* [Exercise description]: Your answer must restate the listing below word for word and contain no images.
^^^^^^^^
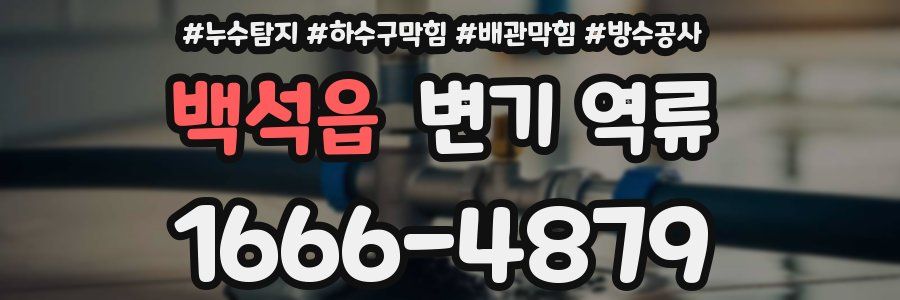 백석읍 변기 역류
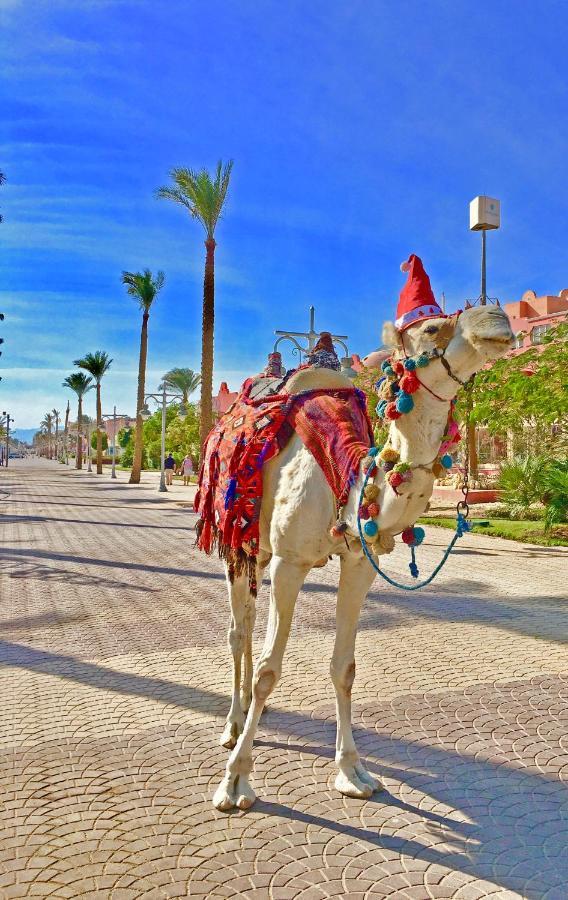 The Touristic Promenade Apartment Hurghada Exteriör bild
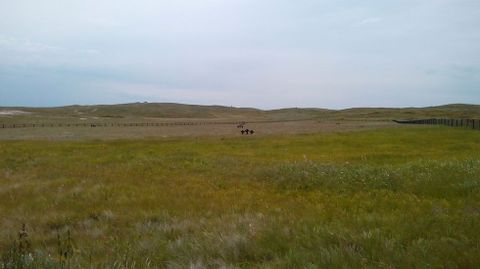 Otra vista del cementerio de Spassk, en la estepa de Karagand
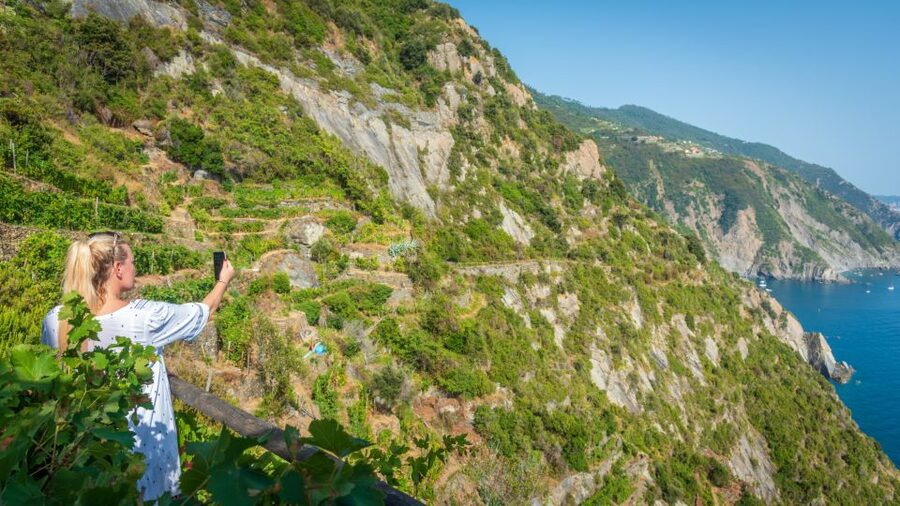 Riomaggiore: Vineyard & Wine Cellar Tour with Wine Tasting - Meeting near the Riomaggiore train station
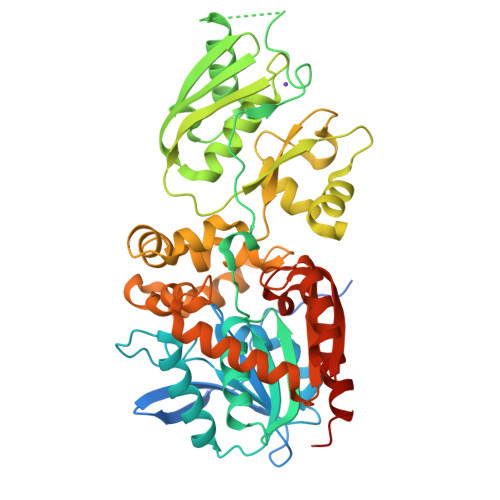 Rcsb Pdb Zex Biosensor Halokbp A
^^^^^^^^
* [Answer box]:
 백석읍 변기 역류
 The Touristic Promenade Apartment Hurghada Exteriör bild
 Otra vista del cementerio de Spassk, en la estepa de Karagand
 Riomaggiore: Vineyard & Wine Cellar Tour with Wine Tasting - Meeting near the Riomaggiore train station
 Rcsb Pdb Zex Biosensor Halokbp A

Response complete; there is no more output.